Rebalancing Mel-frequency Cepstrum and parallel fusion model for surface hardness monitoring of laser shock peening using acoustic emission

Laser shock peening (LSP) technology is commonly used to strengthen and extend the life of components such as aero-engine compressor blades. Online monitoring of the LSP process using acoustic emission (AE) technology is crucial for improving its reliability and consistency. However, it is still challenging to obtain the accurate monitoring due to the high sampling rate of AE with wide frequency band, complex propagation behavior of AE elastic waves and difficulty in accurately characterizing subsurface plastic deformation. In this paper, we propose a new method for surface hardness monitoring of LSP based on AE and different degree of plastic deformation both for TC4 titanium alloy and 7075 aluminum alloy with experimental study. Firstly, interval bimodal difference D_iJ and interval bimodal slope K_iJ of the power spectral density (PSD) of AE signal was proposed to quantitatively characterize the degree of plastic deformation of those two types of materials after LSP before revealing the nonlinear correlation between LSP-AE and the variation of microscopic properties of LSP subsurface material's. Then, a new lightweight Transformer Parallel Fused Partial Convolutional Neural Networks (TPFPCNN) driven by Rebalancing Mel Frequency Cepstrum (RMFC) is proposed to identify six types of surface hardness of LSP based on AE. The proposed RMFC can adaptively rebalance the filter bank of the conventional linear Mel frequency domain to enhance the key information of LSP-AE while weakening the less-key time–frequency area.

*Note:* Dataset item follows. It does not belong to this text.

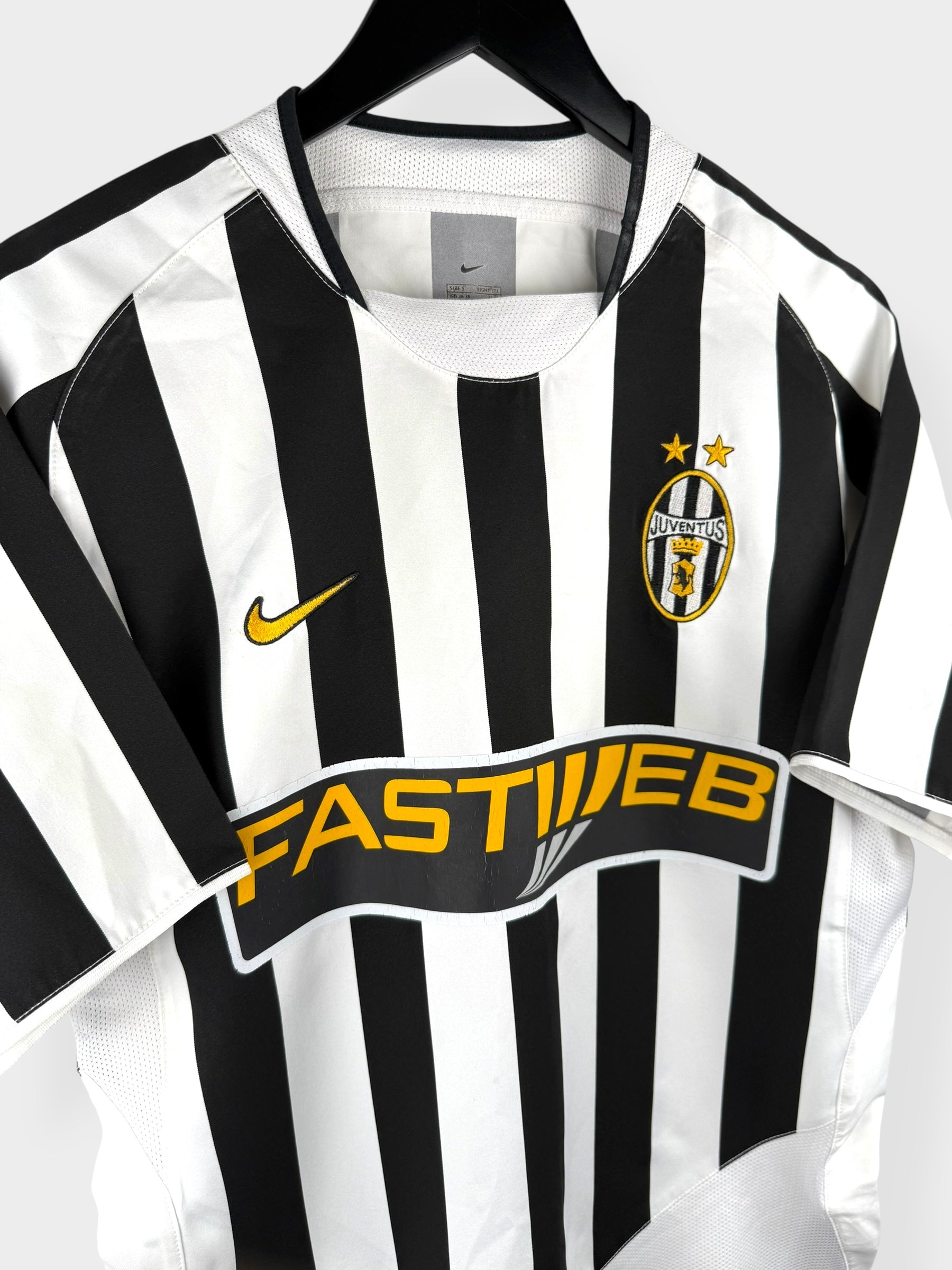 2003-04 JUVENTUS HOME SHIRT S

Moreover, careful comparisons and discussions were performed with Linear Frequency Spectrogram (LFS) and Mel Frequency Cepstrum (MFC) as well as TC4 titanium alloy and 7075 aluminum alloy under different LSP parameters. Finally, a strict quantitative comparison was made between TPFPCNN and four other state-of-the-art models in terms of the calculation complexity and mean test accuracy before feature visualization of the parallel fusion model and its explanation related to of the LSP process.